Kısacası, önümüzdeki dönemde likidite ve resesyon endişeleri öncülüğünde risk algısındaki eğilim piyasalar açısından belirleyici olacak. Bu doğrultuda da özellikle 14 Haziran FED ve 15 Haziran ECB toplantısına kadar açıklanacak makro verilerden gelecek sinyallerin riskli varlıklar açısından önemli olmaya devam edeceğini düşünüyoruz. Açıklanan birçok makro veri karışık yönde sinyaller üretiyor. Büyüme tarafında bazı öncü verilerde zayıf yönde sinyaller görsek de belirgin anlamda bir soğuma işareti henüz görülmüyor. Çekirdek enflasyonun ise nispeten yapışkan kalmaya devam ettiğini görüyoruz ki Haziran ayında duraklamaya gidilebilecek olsa da bu merkez bankalarının bir süre daha faizleri yüksek seviyelerde tutmalarına neden olabilir. Bu doğrultuda da 13 Haziran’da açıklanacak ABD enflasyon verilerinin kısa vadede takip edilecek önemli verilerden biri olduğunu hatırlatalım.

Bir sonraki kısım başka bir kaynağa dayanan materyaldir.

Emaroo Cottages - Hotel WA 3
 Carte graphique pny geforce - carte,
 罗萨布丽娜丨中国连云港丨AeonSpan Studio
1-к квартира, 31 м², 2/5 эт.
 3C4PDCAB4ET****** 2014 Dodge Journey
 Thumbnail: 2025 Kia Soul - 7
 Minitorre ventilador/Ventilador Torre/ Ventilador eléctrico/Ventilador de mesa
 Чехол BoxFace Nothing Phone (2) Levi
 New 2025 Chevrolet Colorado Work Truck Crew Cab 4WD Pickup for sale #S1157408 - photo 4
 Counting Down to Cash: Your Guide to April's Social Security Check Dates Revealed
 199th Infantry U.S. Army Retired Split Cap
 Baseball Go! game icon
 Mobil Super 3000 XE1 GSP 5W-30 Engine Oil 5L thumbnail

Piyasa yapısına baktığımızda ise, ana varlık gruplarında trend karşıtı hareketlerin etkili olduğunu görüyoruz. Hisselerde ve tahvil faizlerinde yükselişlerin, uzun vadeli dip oluşumu sinyalleri üreten dolar endeksinde yukarı hareketin etkisini sürdürdüğünü, 2023 diplerini aşağı geçen emtialarda tepki yükselişlerinin etkili olduğunu ve zirve seviyelerden geri çekilen altında ise 1940 destek bölgesi üzerinde yatay eğilimin etkili olduğunu görüyoruz. Küresel risk barometresi olarak da izlediğimiz S&P 500 endeksinde kısa vadede yükseliş hareketi devam edebilir. Yukarıda 4300-4320 direnç bölgesi önemini koruyor. Ancak yukarı yönlü potansiyelin sınırlı olduğunu, son yaşadığımız hareketlerin geçici olduğunu düşünüyoruz.  Beklediğimiz riskten kaçış fiyatlaması ile daha uzun vadede 3500 ana destek bölgesinin tekrar test edilebileceğini bekliyoruz.

Kısacası borç tavanı anlaşması, FED’in faiz artırım döngüsünün bittiğine ve resesyonun kaçınılabilir olduğuna dair iyimserlik, kısa vadede piyasalara destek olsa da biz, hisse senetlerinde ayı piyasasının sonlanmadığını, parasal sıkılaşmanın gecikmeli etkileri belirginleştikçe resesyon fiyatlaması oluşmasını ve bankacılık sektöründe son yaşanan gelişmelerin daha görünür hale gelmesinin önemli bir risk oluşturduğunu düşünmeye devam ediyoruz. Strateji raporlarımızda sıklıkla vurguladığımız gibi küresel piyasalarda önümüzdeki dönemde riskten kaçış fiyatlaması bekliyoruz. Bu beklediğimiz büyük düşüşün yaz aylarında veya sonbaharda bir dip ile son bulacağını inanıyoruz.